Les abonnements d'accès à l'électricité et à internet ne constituent pas des charges locatives. Ils doivent être souscrits par le locataire.

Comment calculer une provision sur charges en location vide ?

Vous louez un logement vide ?

La réglementation vous oblige à pratiquer les charges locatives récupérables pour leur montant réel. Néanmoins, ce montant n'étant pas connu avant la clôture des comptes, le locataire vous verse une provision.

Pour calculer les charges locatives mensuelles, vous devez donc fixer le montant prévisionnel pour l'année, et le diviser par 12 mois pour obtenir la provision sur charges mensuelle.

La provision de charges (aussi appelée avance) est donc une estimation qui est fixée en fonction :

  • du montant annuel des charges de l'année précédente arrêté lors de la dernière régularisation ;
  • et du budget prévisionnel pour les immeubles en copropriété et les bailleurs personnes morales.

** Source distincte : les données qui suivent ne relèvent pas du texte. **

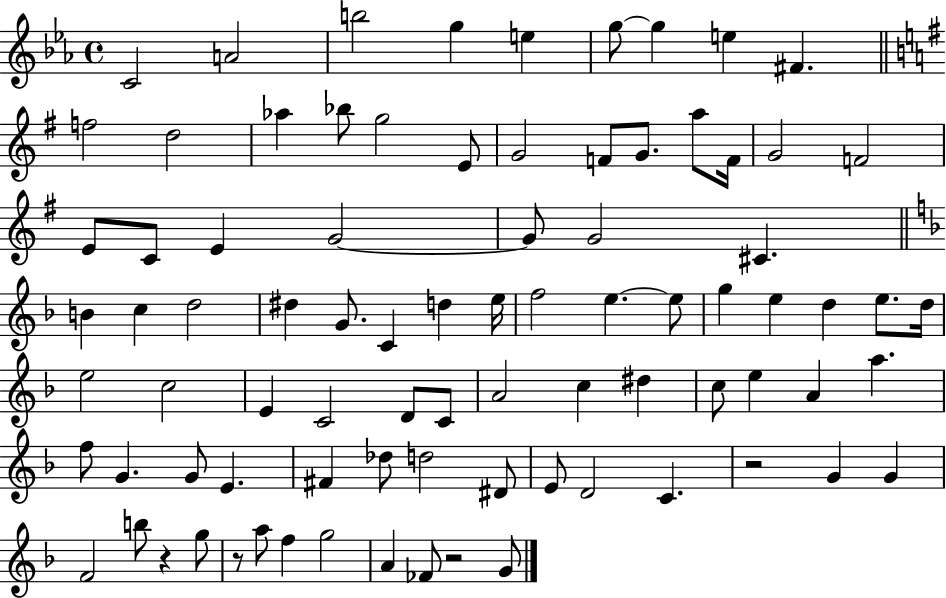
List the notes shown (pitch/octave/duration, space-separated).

C4/h A4/h B5/h G5/q E5/q G5/e G5/q E5/q F#4/q. F5/h D5/h Ab5/q Bb5/e G5/h E4/e G4/h F4/e G4/e. A5/e F4/s G4/h F4/h E4/e C4/e E4/q G4/h G4/e G4/h C#4/q. B4/q C5/q D5/h D#5/q G4/e. C4/q D5/q E5/s F5/h E5/q. E5/e G5/q E5/q D5/q E5/e. D5/s E5/h C5/h E4/q C4/h D4/e C4/e A4/h C5/q D#5/q C5/e E5/q A4/q A5/q. F5/e G4/q. G4/e E4/q. F#4/q Db5/e D5/h D#4/e E4/e D4/h C4/q. R/h G4/q G4/q F4/h B5/e R/q G5/e R/e A5/e F5/q G5/h A4/q FES4/e R/h G4/e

Elles représentent environ 75 % du montant des appels de fonds réclamés par le syndic d'une copropriété.

Bon à savoir

Lorsque le logement est loué en colocation, vous pouvez opter :

  • soit pour un calcul de charges au montant réel ;
  • soit pour un forfait qui ne peut subir aucune régularisation.

Comment calculer les charges au forfait en location meublée ?

Vous louez un logement meublé ?

Si le bail a été signé après le 27 mars 2014, vous avez le choix entre :

  • le calcul des charges au réel ci-dessus expliqué ;
  • ou le calcul des charges au forfait (le plus utilisé pour les locations meublées).

Si vous choisissez le calcul des charges au forfait, le montant est fixe. Il est nécessairement défini dans le contrat de bail. La périodicité des paiements doit aussi être expressément précisée dans le document.

Attention

Ce forfait ne pourra subir aucune régularisation excepté la réévaluation sur l'indice de référence des loyers (IRL). En d'autres termes, il ne pourra faire l'objet d'aucune augmentation postérieure si le montant des charges effectivement engagé dépasse largement celui payé par le locataire au titre du forfait.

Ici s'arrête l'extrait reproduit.